## What needs to be done
Give back exactly the lines starting at the one with "服装办公室91视频网站入口.jpg" and ending at the last line of the data below. Pictures are not part of the copy.

## Stored items
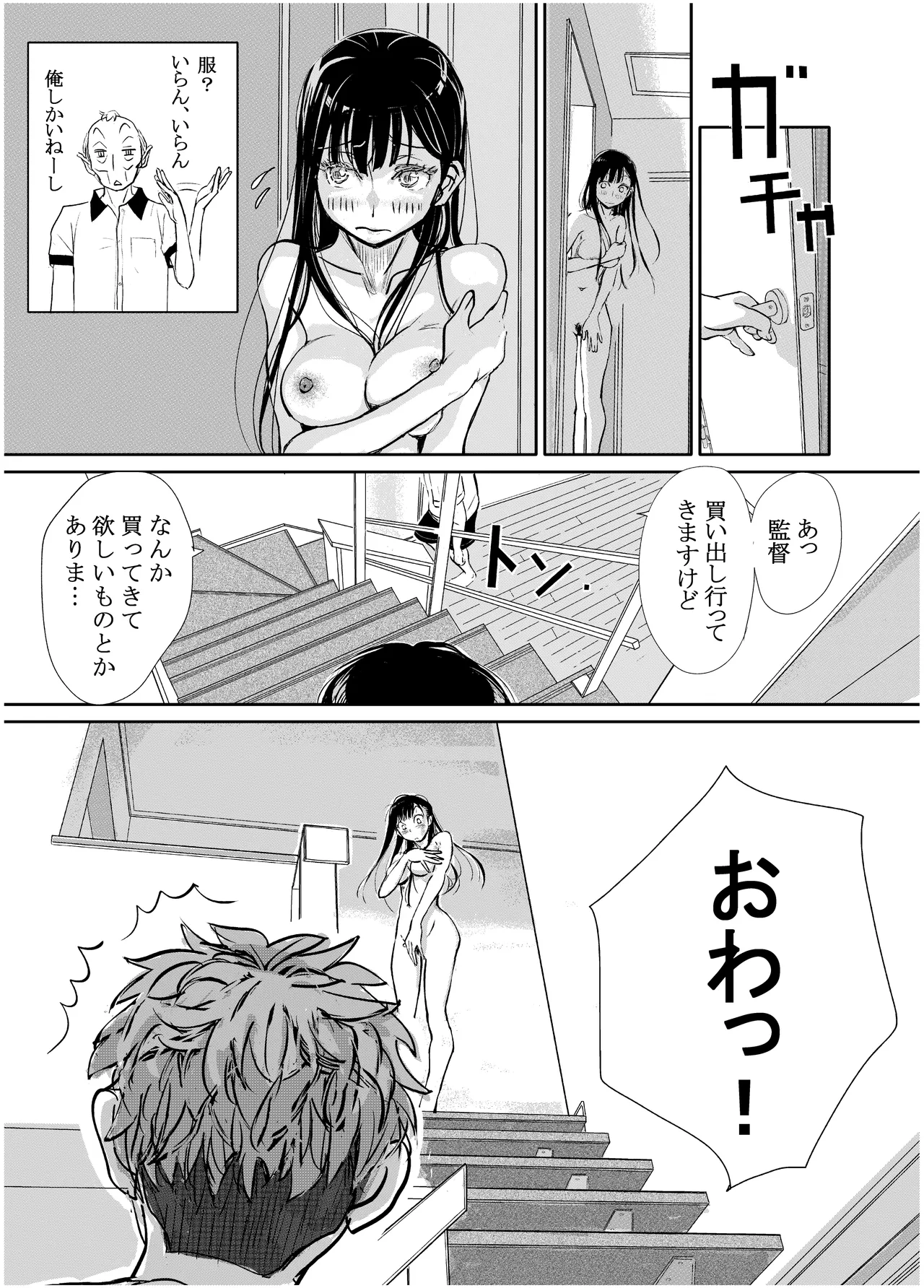 みちゆくはな作品集 かけら。 - page32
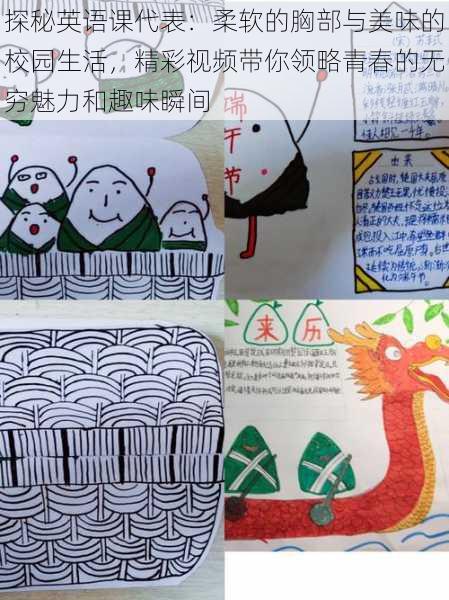 探秘英语课代表:柔软的胸部与美味的校园生活,精彩视频带你领略青春的无穷魅力和趣味瞬间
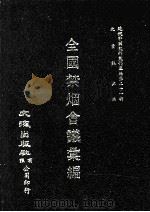 近代中国史料丛刊三编  第21辑  全国禁烟会议汇编  2（ PDF版）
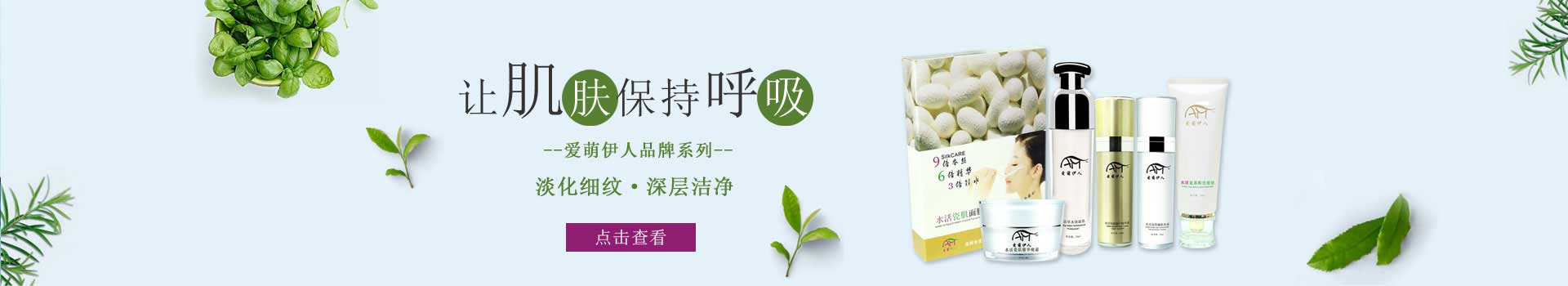 蜕变心声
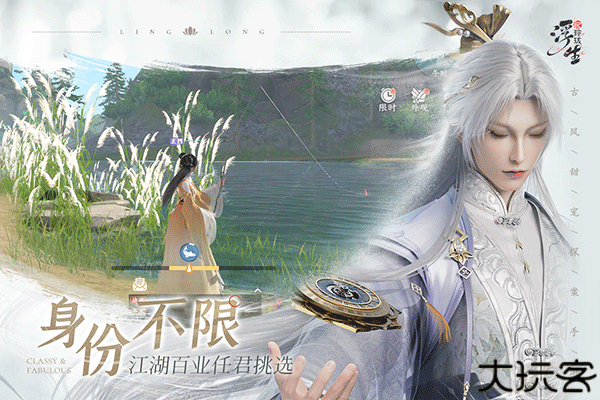 浮生忆玲珑手机版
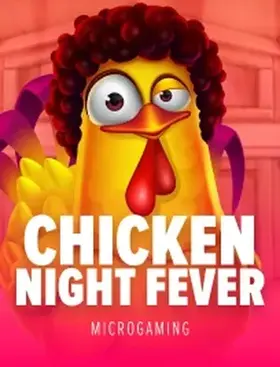 Φρουτάκι Chicken Night Fever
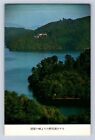 Vintage Lake Nojiri Hotel From Biwagasaki Japan Postcard Ae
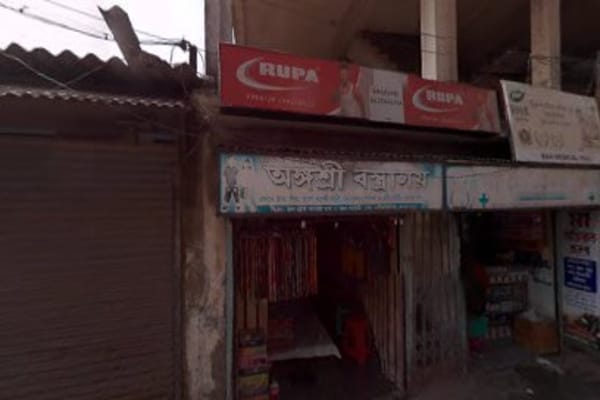 Jeebandep medical hall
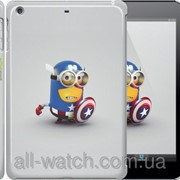Чехол на iPad mini Миньоны 5 “303c-27“ фотография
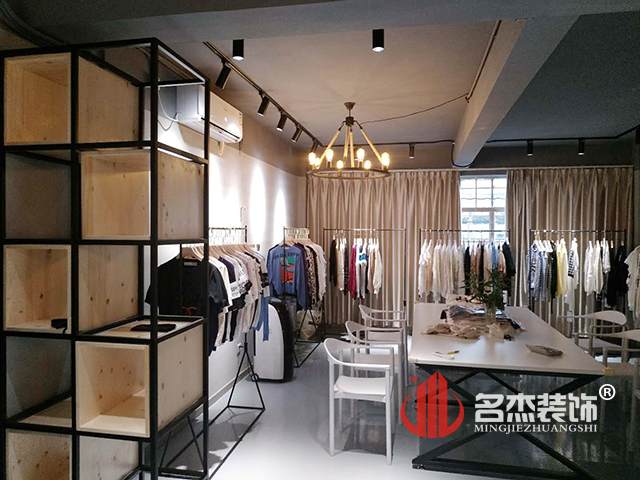 服装办公室91视频网站入口.jpg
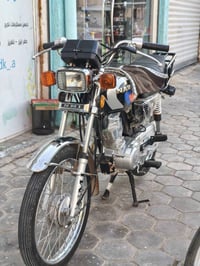 اربعه كير • نامه • ٢٠٢٣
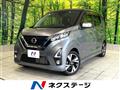 2019 Nissan DAYZ
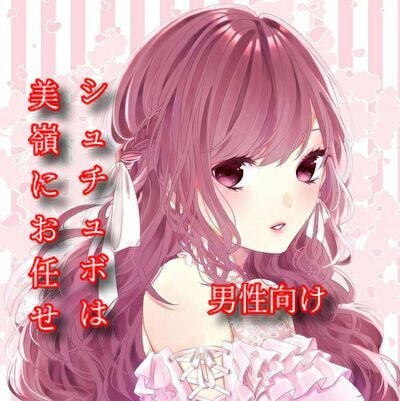 そこの貴方１文字１円シュチュボ美嶺にお願いします 迷える貴方…１度は、美嶺の世界に入ってみませんか？ イメージ1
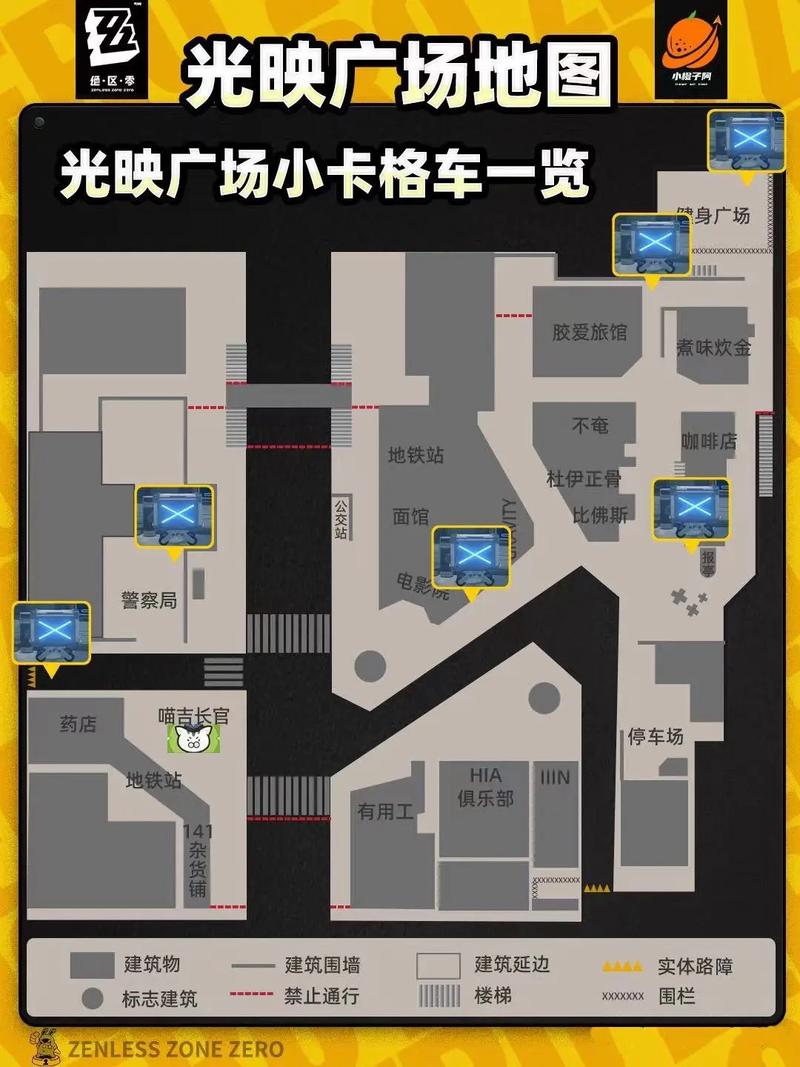 绝区零全拉力委托宝箱位置大揭秘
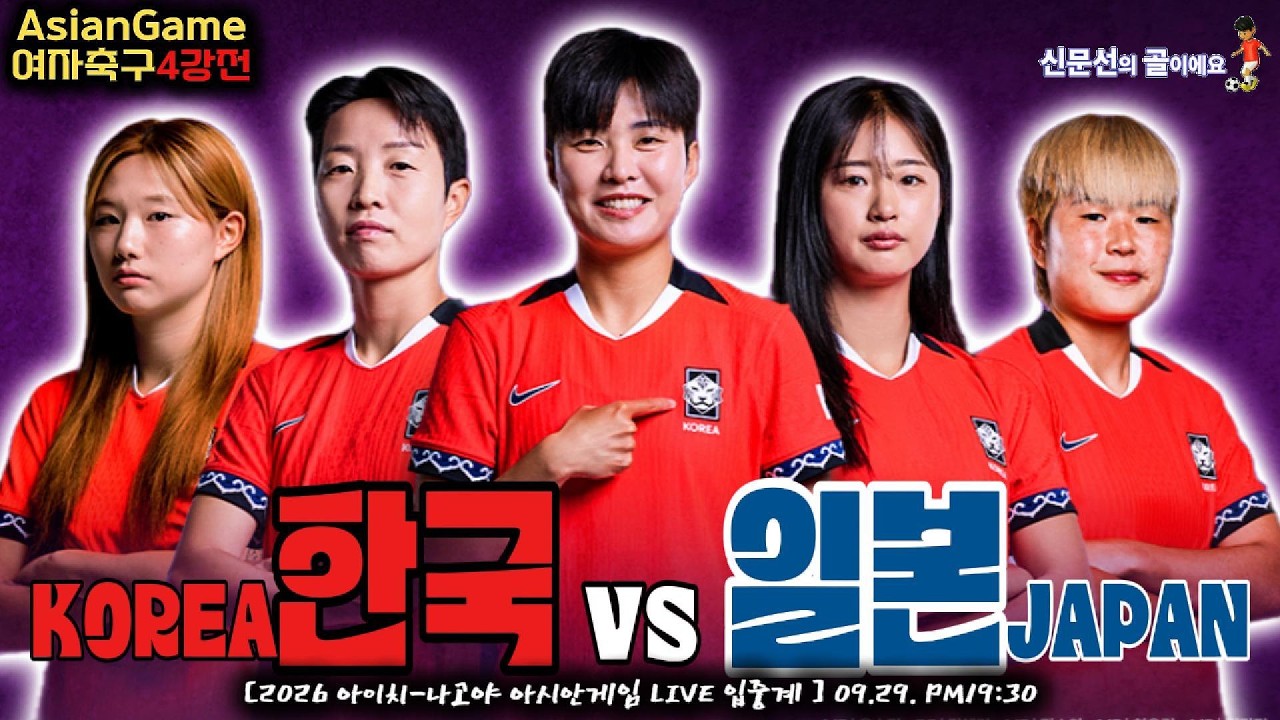#한일전 여자축구 4강전!!《대한민국vs일본》9월 29일(화) 19시30분. [LIVE???? 입중계]  #해설 #신문선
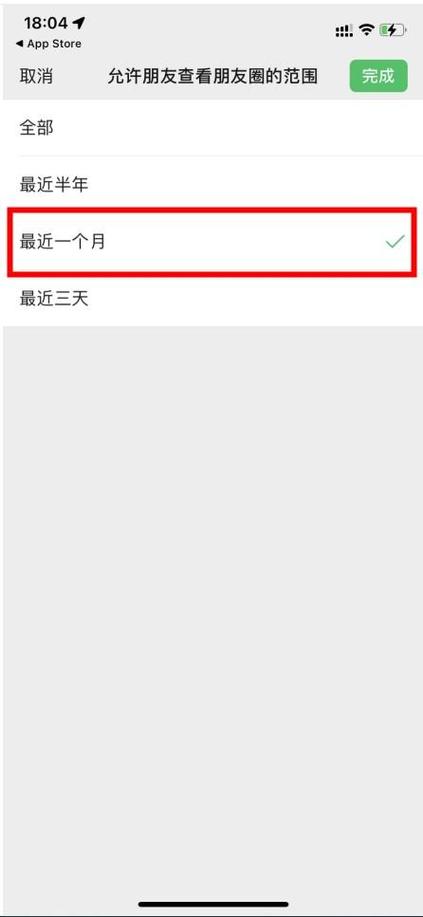 设置一个月可见但是看到更多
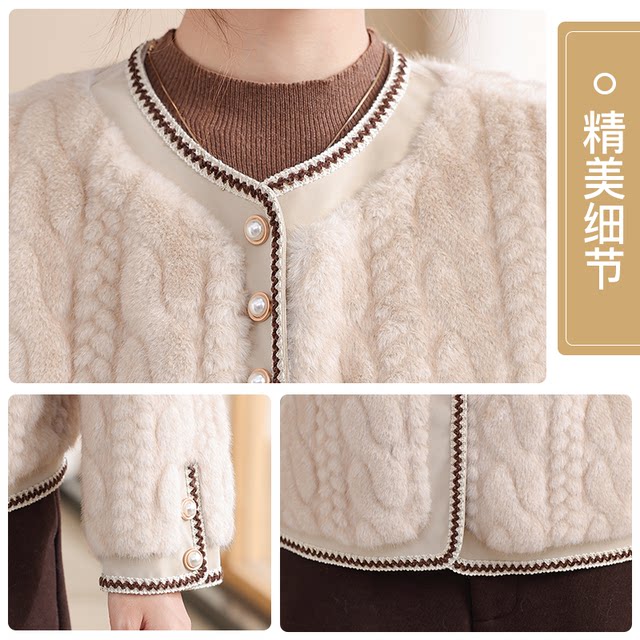 Yu Zhaolin Fashion Women's 2025 New Thickened and Velvet Imitation Mink Jacket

## Response below
 服装办公室91视频网站入口.jpg
 اربعه كير • نامه • ٢٠٢٣
 2019 Nissan DAYZ
 そこの貴方１文字１円シュチュボ美嶺にお願いします 迷える貴方…１度は、美嶺の世界に入ってみませんか？ イメージ1
 绝区零全拉力委托宝箱位置大揭秘
#한일전 여자축구 4강전!!《대한민국vs일본》9월 29일(화) 19시30분. [LIVE???? 입중계]  #해설 #신문선
 设置一个月可见但是看到更多
 Yu Zhaolin Fashion Women's 2025 New Thickened and Velvet Imitation Mink Jacket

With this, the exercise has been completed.